On Thursday November 21st, at noon, students of Prague and elsewhere left the premises they had been occupying for four days, or in some cases longer. This action was the focus of a nation-wide ferment of resistance to policies of collaboration with the invader. A new phase of the struggle had started. But how did the students’ sit-in strike come about? Why was it such a surprise for all observers? And why, despite the inevitable deficiencies, was it so successful? Let us try to find some of the answers.

The whole country had been feeling sick. It was the third month since the invasion, the old popular leaders were still the same, but the confidence people used to have in them, the blind unquestioning confidence in them as individuals, started to wither away. The Moscow agreement on the ‘temporary’ stationing of foreign troops created the first doubts. Then the freedom of the press was further restricted. The most popular weeklies, Reporter and Politika, were stopped in November. Travelling abroad was to be made more difficult. In one sphere alone the policy of the pre-invasion period was allowed to continue without hindrance: the revisions of economic structure which the Russians had supposedly intervened to forestall. (The projected Employees’ Councils did fail to appear though). And to sum it all up, Gustav Husák, the Slovak party leader, voiced his theory on ‘the two periods of deformations in the party’—one before January 1968 and one after that date. In short, the leaders were making one compromise after another, and indeed it was not quite clear what they were forced to do and what was their own initiative.

The plenary session of the Central Committee of the Communist Party was scheduled for November 14th, and many people expected that things would be clarified there. It was expected that somebody would be calling a spade a spade—though it remained unclear who that somebody would be. The way in which the session had been postponed from week to week, and eventually from month to month, suggested a great tug-of-war behind the scenes, but details of this only rarely leaked out. Indeed anything was possible, from a wide offensive on the part of the activized and well-organized conservative forces to a consolidation by Dubcek and the centrists.

Young people had been continuously warned about the possible consequences of action in the streets. It was said that this could even bring the Russian troops back into the cities. But on October 28th, the 50th anniversary of the Czechoslovak Republic, crowds of teenagers spontaneously swarmed through the streets without anything happening.

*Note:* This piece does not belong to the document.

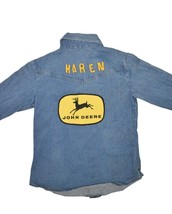 Vintage 70s Chain Stitch Denim Jacket Womens XS Tourist Patches Snap Button - £56.84 GBP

Thus, in the second week of November, the prevailing atmosphere was one of expectation. Resolutions from all over the country were pouring into the Central Committee in support of the post-January political trend—but people had the bitter feeling that not much attention would be paid to them. This feeling certainly did not help to decrease the anxiety. And on the 17th students were to celebrate their International Students Day—the 38th anniversary of Czech Universities being closed down by the Nazis. What would the students do? Would they give in and endeavour merely to ‘survive’, as so many others in the country had done? We all vividly recalled how it had been, only a year ago, after the Strahov demonstration: everybody agitated at the brutality of the police, all authorities scared of another students’ appearance in the streets, and a helicopter circling round the University quarter of Prague. Now, however, things were different.

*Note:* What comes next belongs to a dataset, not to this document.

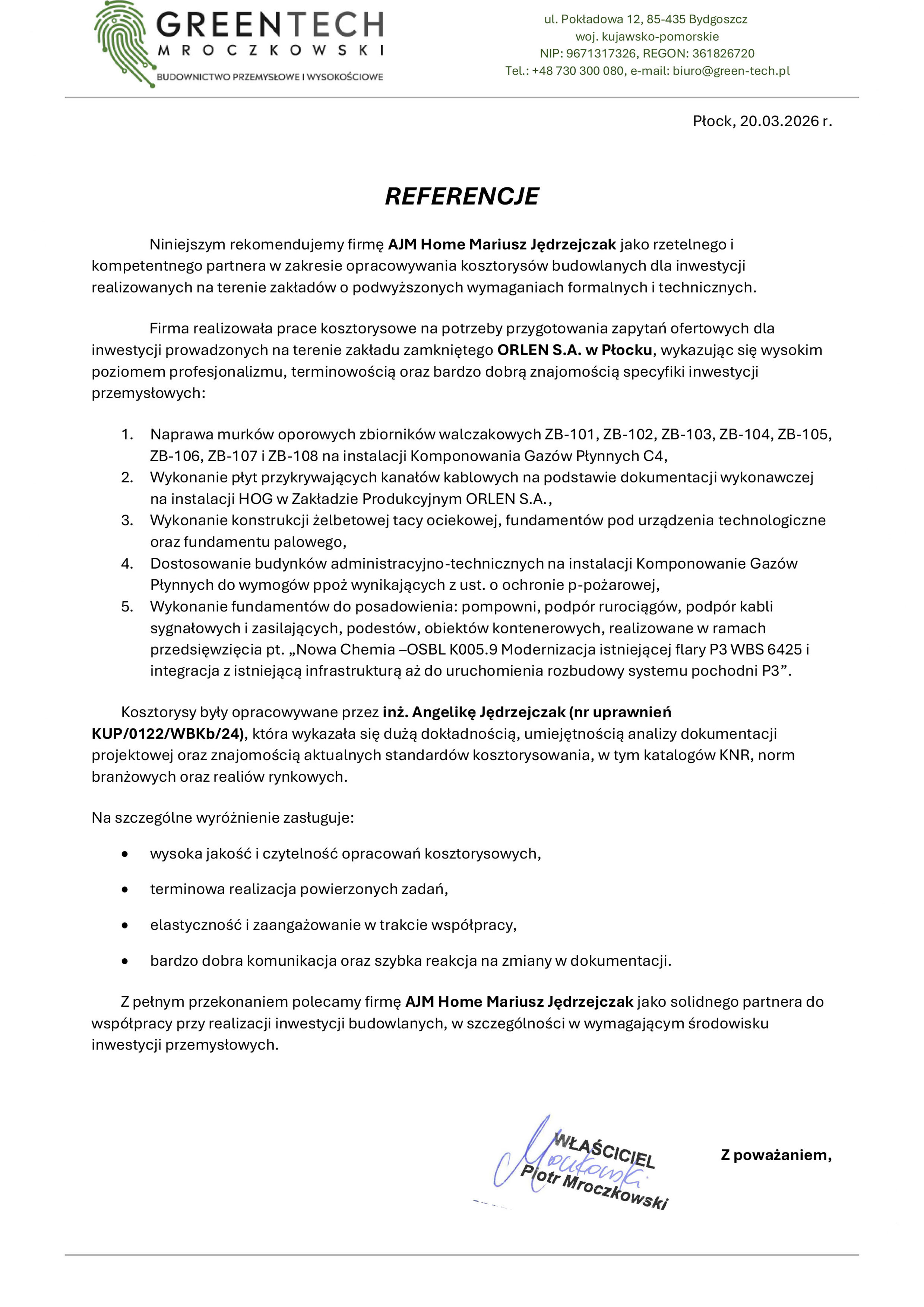 Referencja Greentech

One thing was quite clear. We did not intend to be complicit with the course of events that had started to prevail in Czechoslovakia. We were determined to show in one way or another our opposition to what we call ‘the policy of the lesser evil’—‘the policy of concessions’. We were determined to carry on resistance. November 17th was clearly a marvellous opportunity, particularly in view of the Central Committee session which we expected to conclude just about then. We decided to go into action, into an action co-ordinated at least on the Prague level.

The idea actually sprung up from several sides. The radical faction among the Prague students started studying the possibilities of a demonstration as early as the beginning of November. Soon after, we heard from colleagues from Nitra in Central Slovakia, about their plan for a long-term strike in support of 15 points of theirs. These points corresponded to what we had wanted on the day of invasion—immediate convocation of the fourteenth party congress, the opening of discussion on the total withdrawal of troops, a ban on all illegal activity by the foreign forces, the removal of the neo-Stalinist bureaucrats, etc. Roughly at the same time preparations for a march through the cities, to commemorate the victims of 1939 and ‘all victims in the struggle for freedom of thought,’ were going on in several towns of Bohemia and Moravia, particularly in Liberec and Brno.